Long distance sucks, but its bearable. I found long distance when I was engaged was easier than long distance when we were dating. Probably because the relationship felt that much more solid. I wouldn’t let yourself dwell too much on worst-case-scenarios because I promise you that you will come up with worse ones. Like what if you become paralyzed from the neck down? Its theoretically possible and would be horrible, but you would survive. Maybe thats a bad example, but my point is, if you have to do long distance, you will be ok. Just like if you were to become paralyzed from the neck down you would just have to adjust. (I honestly hope that doesn’t happen to you or anyone else, but that was the first example that popped into my head.)

ETA: I forgot to include advice. Schedule a time to talk everyday that works with your schedules and difference in time zones. Send each other mini packages. Send a good night text when you go to sleep. It makes it a lot more like going to sleep with each other each night.

Post # 4
Member
989 posts
Busy bee
  • Wedding: June 2013

There is no way I could do this however could you perhaps look for an employer to sponsor you? perhaps you could get a job and the company could sponsor you there? i know a friend from bulgaria where his wife did that to get here.

Post # 6
Member
41 posts
Newbee
  • Wedding: June 2013

I kinda understand how you feel although I’m lucky as I only have a couple of hundred miles separating us compared to you! I find that as long as you keep the lines of communication open then you can get through anything. And what is 1-2 years compared to the rest of your entire lives together?

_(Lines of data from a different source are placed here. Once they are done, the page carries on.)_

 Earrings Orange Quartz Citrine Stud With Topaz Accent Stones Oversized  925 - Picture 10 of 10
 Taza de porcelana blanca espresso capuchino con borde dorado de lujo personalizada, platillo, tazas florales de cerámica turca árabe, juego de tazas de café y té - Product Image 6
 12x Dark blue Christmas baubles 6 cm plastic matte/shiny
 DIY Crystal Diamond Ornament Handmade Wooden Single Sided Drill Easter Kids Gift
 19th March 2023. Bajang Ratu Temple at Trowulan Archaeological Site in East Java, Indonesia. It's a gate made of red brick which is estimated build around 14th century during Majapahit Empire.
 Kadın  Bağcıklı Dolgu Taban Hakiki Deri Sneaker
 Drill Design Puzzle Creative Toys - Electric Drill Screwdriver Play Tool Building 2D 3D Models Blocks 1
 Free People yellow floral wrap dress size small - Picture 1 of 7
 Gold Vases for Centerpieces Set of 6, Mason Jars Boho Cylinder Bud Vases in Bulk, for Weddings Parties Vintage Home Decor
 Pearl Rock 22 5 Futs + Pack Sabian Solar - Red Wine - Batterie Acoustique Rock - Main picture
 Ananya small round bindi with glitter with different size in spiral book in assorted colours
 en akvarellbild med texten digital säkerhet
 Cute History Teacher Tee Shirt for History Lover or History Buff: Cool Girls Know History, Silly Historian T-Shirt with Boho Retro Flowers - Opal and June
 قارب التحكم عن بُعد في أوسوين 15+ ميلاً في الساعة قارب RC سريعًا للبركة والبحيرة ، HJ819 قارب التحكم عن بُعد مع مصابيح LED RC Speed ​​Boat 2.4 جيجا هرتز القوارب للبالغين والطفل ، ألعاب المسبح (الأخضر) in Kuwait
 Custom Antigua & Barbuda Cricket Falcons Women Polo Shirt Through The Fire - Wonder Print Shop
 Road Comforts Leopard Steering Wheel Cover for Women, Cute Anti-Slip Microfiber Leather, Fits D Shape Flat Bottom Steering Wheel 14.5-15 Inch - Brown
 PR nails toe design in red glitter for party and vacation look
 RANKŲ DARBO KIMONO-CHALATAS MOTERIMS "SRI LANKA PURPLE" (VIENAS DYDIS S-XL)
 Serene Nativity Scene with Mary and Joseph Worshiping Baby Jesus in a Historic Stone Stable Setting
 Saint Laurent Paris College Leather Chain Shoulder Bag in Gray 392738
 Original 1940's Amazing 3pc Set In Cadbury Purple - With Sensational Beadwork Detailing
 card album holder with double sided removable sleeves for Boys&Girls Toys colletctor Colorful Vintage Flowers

You sound like a pretty solid couple. Don’t let something as little as distance put you off getting married. You may find that during that time your self-esteem increases and that when you do get to be together permanently your relationship will be that ever bit stronger. I’ve seen relationships short-distance relationship struggle a lot more as people don’t know how vital communication is.

You could see the distance as an advantage to teaching you the values of communication and how strong your love for each other is. It’s one of the few things that help me. Do whats best for you though at the end of the day 😀

Post # 7
Member
2889 posts
Sugar bee

I’m exactly a year into a long distance marriage and about to celebrate our second wedidng anniversary. Ironically we were not living together for our first or second anniversaries after having lived togehter for about 4 years before getting married. It’s hard to be long distance, even moreso than I imagined before getting into this situaiton.   I am also married to a non/American husband. 

In one of your posts, you mention that you are not done with your studies and you precciously stated you studied abroad. So, why not finish your degree in his country? Student visa is one of the easiest to get and most universities in Europe have lower tuition. I see that he is british and Universities there may be more expensive but maybe you could even find another EU country that you could both transfer to if the UK does not work out.

It seems to me that you will have the most options as a student. Also, I am not familiar about the income requirements but what if you marry in the US and then return to the UK as husband and wife, will they really not allow you to enter if he does not earn enough money? This does not seem right to me. I married an EU husband and he was never asked to prove income in order to marry me. I only needed to show proof of health insurance for a visa.

Stay calm and do some research on immigration before making any major life decisions.

 

Post # 8
Member
2853 posts
Sugar bee
  • Wedding: May 2013

@katedesaccord:  I am actually planning a long distance marriage for the first year or two (job issues). We have been in a LDR since the beginning (2 1/2 years ago and engaged for about 2 years)  We are about 1500 miles apart, both in the US. My Fiance travels almost every weekend. sometimes pretty close to where I am. We try to see each other for long weekends every 3 weeks or so. Even if I lived with him, I would still need to travel to be with him on weekends.

We do talk on the phone at least once a day. So far, I don’t think the relationship has been difficult at all but knowing exactly when we are going to see each other again helps.

You can definitely get married without living together for a while. I know at least 3 very successful marriages that began this way.

 

 

Post # 10
Member
3885 posts
Honey bee
  • Wedding: September 2011

What are the prospects of him coming to the US for a few years? Its relatively easy to emigrate on a fiancé visa (relatively meaning, not bad compared to a non-fiancé visa) and the job market in the US is quite a bit better than in the UK currently, especially in the trades, IT, and service industries.

Getting an employer to sponsor you only works if you’ve got a highly specialized skillset.

Post # 12
Member
2853 posts
Sugar bee
  • Wedding: May 2013

@katedesaccord:  On the plus side, LDR don’t have to deal with the day to day grind of other relationships so the honeymoon phase lasts longer.